Pitfall 5: Misconfiguring connection pooling. Too few connections and you get timeouts. Too many and you waste resources. Start with max_connections = 2 * num_workers and adjust based on monitoring.

Benchmarking Your Setup

After tuning, benchmark your setup to understand the actual performance gains. The data engineer’s guide to Lightning-Fast Apache Superset dashboards documents real-world improvements: uncached queries taking 5+ seconds, cached queries returning in 50-100ms. That’s a 50-100x improvement.
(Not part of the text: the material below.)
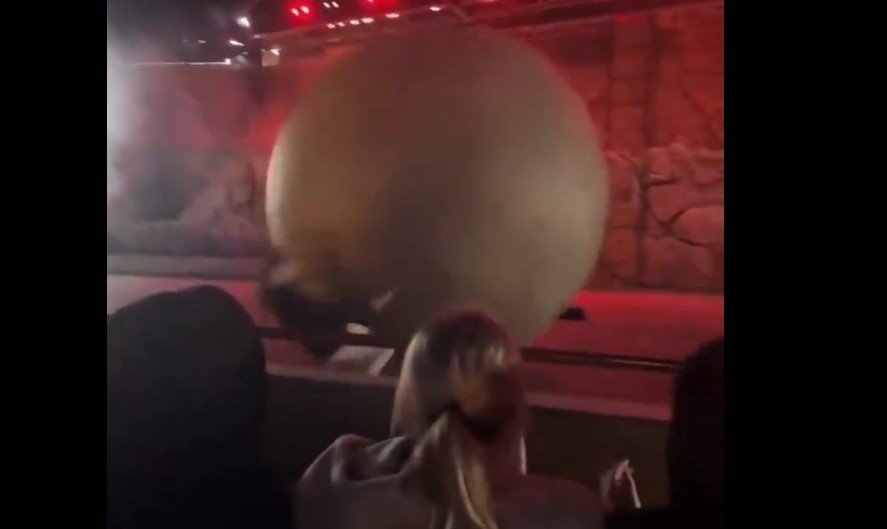 Σοβαρό ατύχημα στο Disney World – Εργαζόμενος τραυματίστηκε από βράχο που κυλούσε στον κόσμο (Βίντεο)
You can replicate this with a load test. Use Apache JMeter or k6 to simulate 100 concurrent users viewing the same dashboard. Measure latency with and without Redis caching. You should see:

• Without caching: 2-5 second response times, high database load
• With caching (properly tuned): 100-300ms response times, minimal database load

This isn’t theoretical—this is what you should expect in production.

Conclusion: Caching as a Competitive Advantage

Redis caching in Apache Superset isn’t a nice-to-have optimization. It’s the difference between a platform that feels responsive and one that feels sluggish. It’s the difference between supporting 100 concurrent users and 1000.

The tuning decisions matter: memory allocation, eviction policy, TTL, connection pooling. But the good news is that the defaults are conservative. Start with the configuration in this guide, monitor your metrics, and adjust. You’ll quickly find the sweet spot for your workload.

For teams running Superset at scale, caching is non-negotiable. For teams evaluating whether to self-manage or use a managed platform, understand that this operational complexity is real. Whether you choose to own it or delegate it, understand what’s happening under the hood. That’s how you build analytics platforms that actually work at scale.